After stints in small markets, Ryder landed a job as the morning man on Wired 96.3 FM in Saskatoon, where one of his stunts went viral. He smoked salvia (a formerly legal hallucinogen that was sold in head shops) to prove a point about how dangerous the drug is. Salvia was so underground at the time, Ryder recalls, that he wouldn’t have done it at all over fear of just serving to introduce kids to it. Then Miley Cyrus lied about that time she smoked pot, and salvia was fair pop culture game.
“It only lasts for 10 minutes, but it is ridiculous,” Ryder says. “You go bananas. It’s that intense. I ended up smoking it on the air live to give a realistic depiction of what it does. And I look back at the video now and I think, damn, I wish I wasn’t high on salvia when I was trying to make an argument against salvia. I was messed up.” (You can see the video below.)

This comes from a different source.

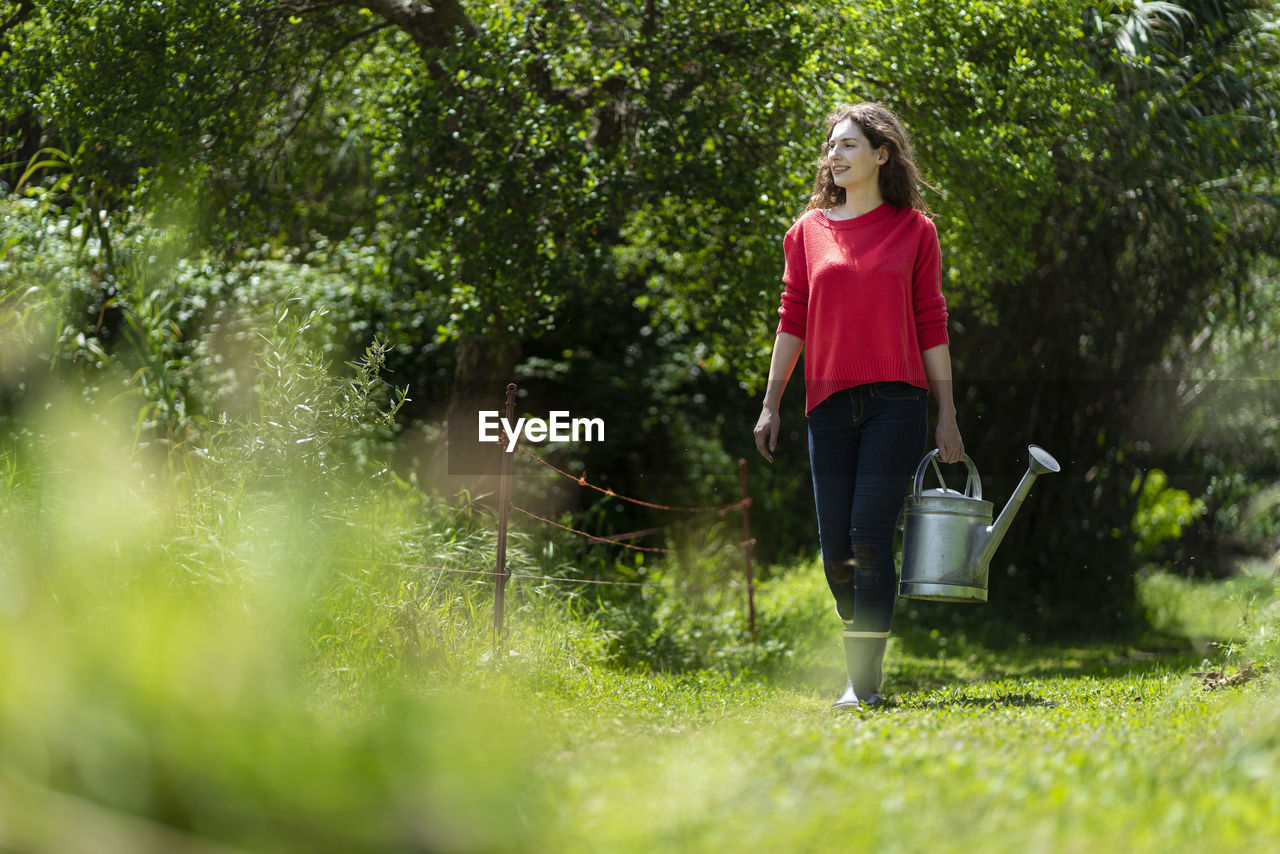 Woman walking in vegetable garden holding watering can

The story got picked up by national TV in Canada, and by Jimmy Fallon and Perez Hilton in the US. That was also the year Ryder won the Young Broadcaster of the Year award at Canadian Music Week. Program directors across Canada started to take notice. He got a job as the morning guy at a new station in Vancouver – where uptight West Coast audiences weren’t ready for his brand of irreverent radio – and then a year and a half ago landed at Hot 107 in Edmonton, where listeners seemed to be more receptive.

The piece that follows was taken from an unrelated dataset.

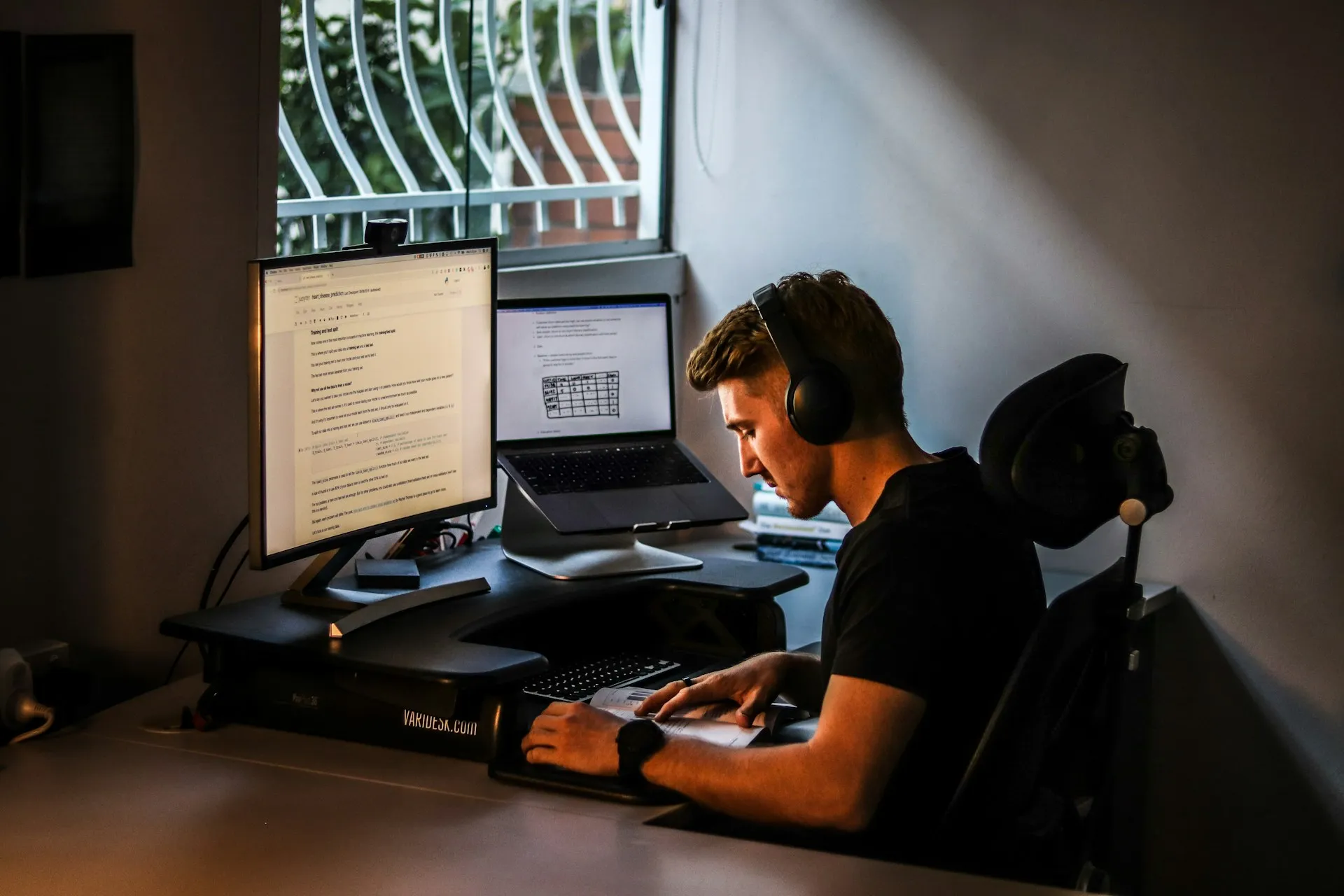 Professional working at a multi-screen workstation with headphones in a home office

“I think people have a thick skin here,” he says. “I love it here. You can get away with saying things that piques people’s interests and questions their sensitivities, but I think people in Edmonton know how to take a joke.”
Evidence is in his favour. While Hot 107 sits almost dead last in the crucial (but fatally flawed) PPM ratings, Ryder in the Morning has pulled ahead of the Bounce’s morning show with the 12-plus demographic (according to Ryder), and is “catching up” to the mighty Pepper and Dylan at Virgin Radio. Aside from the ladies, he says he’s popular among males aged 30-40 – and they can’t all be tuning in to listen to Katy Perry.